Since 2015, the ultra-long range jet segment has been plagued by market instability. What has the impact been on your family and do you think this aircraft segment will continue to dominate the market in spite of it all?

I do believe that this segment will continue to grow. For example, I see how well the Falcon 8X was received, which is currently our ultra-long range jet, following the legacy of the 7X. If I also use the example of our competitors’ long-range jets, we can see that they continue to design products for this segment and that there is customer demand to buy them. As for me, I believe that our long-range segment basically starts at our entry-level, the Falcon 2000. This aircraft is considered to be a high-end aircraft in the mid-size segment. I therefore honestly believe that there is no limit for the future of these aircraft. Meanwhile, the market is demanding greater performance in terms to flight range, silence, fuel efficiency, etc. which requires us to continually develop new technology to improve our aircraft. We are therefore not at the end of the cycle, even though, it must be said the market is sluggish due to the various crises that have successively followed one another, and a pre-owned market that remains overly abundant. We have the advantage of being financially stable, thanks to our civil-military dual aspect that allows us to continually plan for the future, regardless of the current circumstances. This independence helps us to always keep an eye on preparing for the future. This does not mean, on the contrary, that it is not necessary to anticipate major changes that enable us to remain competitive tomorrow.

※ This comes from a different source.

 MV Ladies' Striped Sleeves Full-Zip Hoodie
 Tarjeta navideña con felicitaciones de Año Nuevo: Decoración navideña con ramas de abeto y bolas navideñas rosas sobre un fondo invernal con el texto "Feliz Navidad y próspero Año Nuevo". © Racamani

In terms of the future, you stated, as a conclusion, regarding the Falcon family, the “launch of a new Falcon program” by the end of the year. Can you tell us a little more?

It is firstly an internal launch in order to make the major marketing and technology choices to provide us with real insight on the most adapted product. As such, we will present the aircraft a little later, because we have not yet decided when we want to make an announcement on the market, which would only tip off our competitors too soon.

As regards the delay on the Falcon 5X program, what are the consequences on the industrial level and your teams? 

We cannot say that we are happy about this delay and the impact is effectively major, since it is a little over four years in terms of the engines. This has forced us to revise our schedule, that we developed last year on the basis of the schedule for modifications of Snecma’s issues, to compress our development plan in order to make up the time. The challenge lies in the change of the planned pace. It is for this reason that we have slowed the development of self-financing in 2016, rightly in order to not spend too much in this waiting period before approving the effort needed when the engine is ready, especially for speeding up the test flights. The year 2017 will be critical for us. We have to be sure that the engine manufacturer will have properly corrected the problems encountered and that the engines that we receive are up to our standards and our needs. Snecma committed to a modification plan and they are validating it. We are expecting all of these changes to be fully integrated in the same engine and that the Silvercrest delivered to us is ultimately compliant with our requirements for the beginning of 2018, as stated in the schedule that was provided to us. This will enable us to deliver our first aircraft in 2020.

In light of the difficulties encountered by Safran, have you considered giving up on the Silvercrest and turning towards another engine maker?

We have never really considered giving up, despite  times of considerable concern, especially when all the problems arose. We have worked closely with Snecma in order to verify that the engine maker had properly identified the problems. Once again, 2017 is a pivotal year for us, as well as for them to the extent that they have to show us that their engine will comply with what we expect from a first series engine.